À l’Opéra Bastille, la finale du concours « Voix des Outre-Mer »

« Des voix lointaines qui nous touchent au plus près », un événement qui attire l’attention sur le nécessaire développement de formation musicale dans les territoires ultra-marins.

— par Janine Bailly —

Le vendredi 22 janvier 2021 se tenait à l’Opéra Bastille, à Paris, la finale nationale de la troisième édition du concours Voix des Outre-Mer. Imaginée et organisée par le contre-ténor Fabrice di Falco et par Julien Leleu, président de l’association Les Contres Courants, cette compétition a pour objectif de mettre en lumière les talents ultra-marins, encore trop peu présents sur les scènes lyriques. Cette année, la crise sanitaire ayant empêché l’organisation des finales de sélection à Saint-Pierre et Miquelon, Wallis et Futuna, et en Nouvelle-Calédonie, les candidats représentaient sept territoires. À ce concours, ouvert aux voix ultra-marines, tout candidat peut se présenter avec ou sans formation, et sans limite d’âge. Au terme des éliminatoires régionales, les finalistes, au nombre de seize cette année, sont invités à Paris. Là, ils reçoivent une formation gratuite, sous la forme de masterclass, qui les prépare au mieux à la dernière épreuve.

C’est le baryton martiniquais Edwin Fardini, âgé de de 25 ans, qui a remporté le prix le plus prestigieux.
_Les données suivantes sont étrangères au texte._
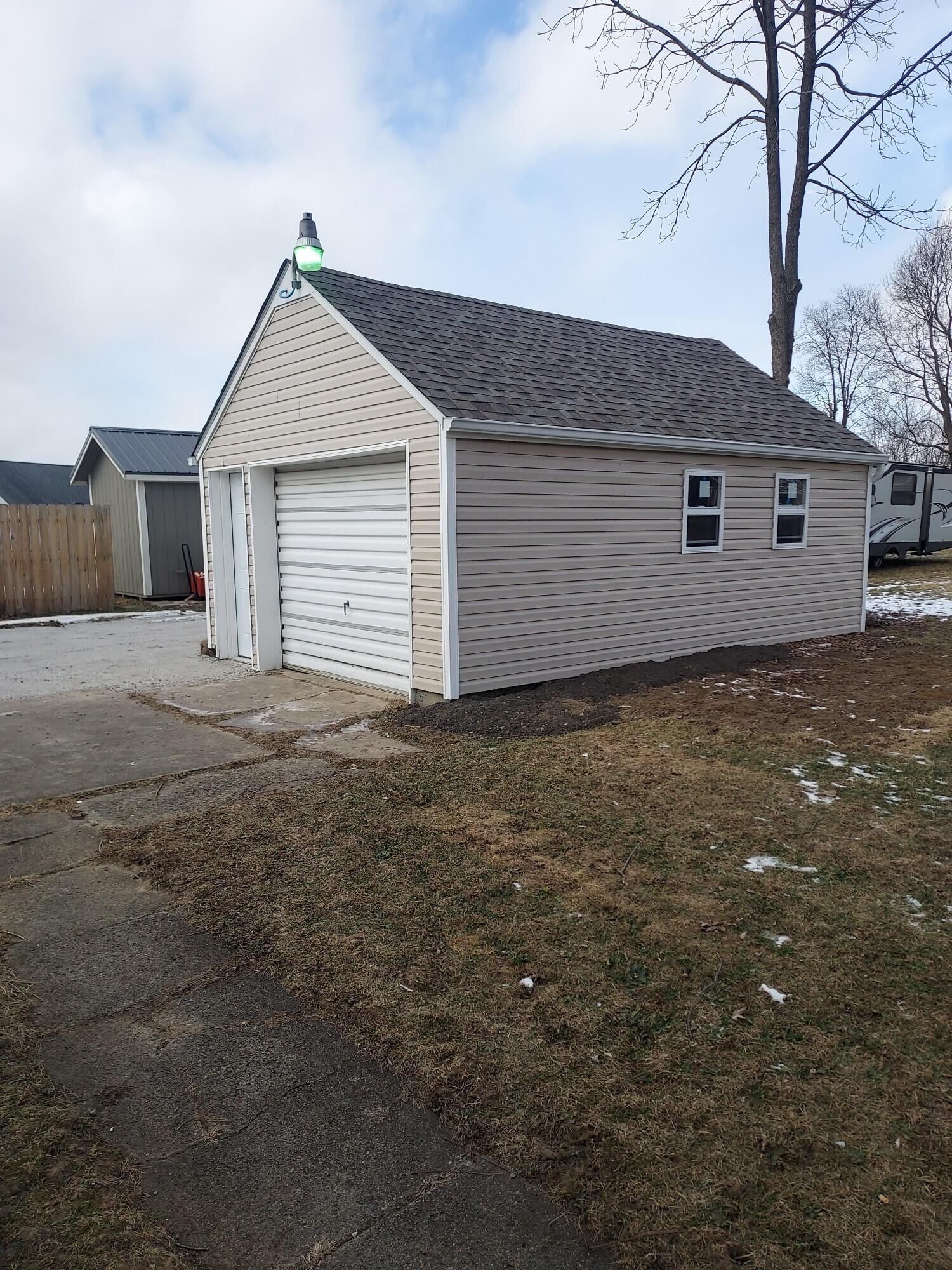 424 Hoopengarner Street, Wapakoneta, Ohio 45895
Artiste déjà expérimenté, Edwin a une fois de plus démontré une puissance vocale maîtrisée en chantant le gospel Deep River¹.

À l’Opéra Bastille 2021 

Après plusieurs finales territoriales, à Mayotte, en Guyane ou encore à la Réunion, c’est à l’Auditorium de l’Opéra Bastille à Paris que le Concours Voix des Outre-mer s’achève pour les seize chanteurs retenus. Richard Martet, rédacteur en chef de Opéra Magazine, préside le Jury depuis le début, et il est ravi de l’évolution de la compétition : « Je suis absolument enchanté, je suis très content puisque quand Fabrice di Falco m’a parlé de ce projet il y a trois ans je lui ai dit « ok on y va » et puis la première édition c’était déjà très bien, et puis la deuxième édition c’était encore mieux et là cette année, on a fait une édition absolument formidable, ce concours prend de l’ampleur, il passe une étape à chaque fois, et ça je dois dire que pour moi c’est une énorme satisfaction. »

Tout au long de la soirée, dédiée à Christiane Eda-Pierre, remarquable soprano martiniquaise qui nous a quittés en septembre dernier, les candidats se sont succédé, face au jury où siégeait notamment Alexander Neef, directeur de l’Opéra de Paris, une institution qui a récemment entamé une réflexion interne sur la diversité : « C’est l’avenir de l’Opéra, il faut toujours s’intéresser à de jeunes voix, et surtout à des jeunes voix de partout, partout sur le territoire français et dans le monde aussi. Le talent est là et il faut le trouver, il faut le former et créer, établir un chemin pour qu’il puisse retrouver les grandes scènes. »

Après le passage des seize candidats, et les délibérations du jury, c’est Roselyne Bachelot qui a annoncé le nom du grand vainqueur de cette édition, Edwin Fardini. Déjà Révélation Classique de l’Adami 2019 et Lauréat du CNSMD – Conservatoire national supérieur de musique et de danse de Paris –, le baryton martiniquais est au début d’une belle carrière, et c’est avec Deep River qu’il a conquis le jury : « Je suis très heureux d’avoir gagné ce prix. D’une certaine manière ça me conforte dans les choix que j’ai pu faire dans ma carrière. Ne serait-ce que le choix d’interpréter Deep River et pas un air d’opéra, j’aurais pu en tant que chanteur lyrique professionnel, aller prendre un air de Mozart par exemple, et puis me présenter mais Deep River, un spiritual, un negro spiritual, c’est quand même quelque chose de particulier, et d’avoir pu en plus gagner ce concours avec ça, c’est formidable ! » Le Prix Jeune Talent a été attribué à Auguste Truel², et plusieurs mentions d’encouragement ont récompensé les chanteurs et chanteuses autodidactes (…)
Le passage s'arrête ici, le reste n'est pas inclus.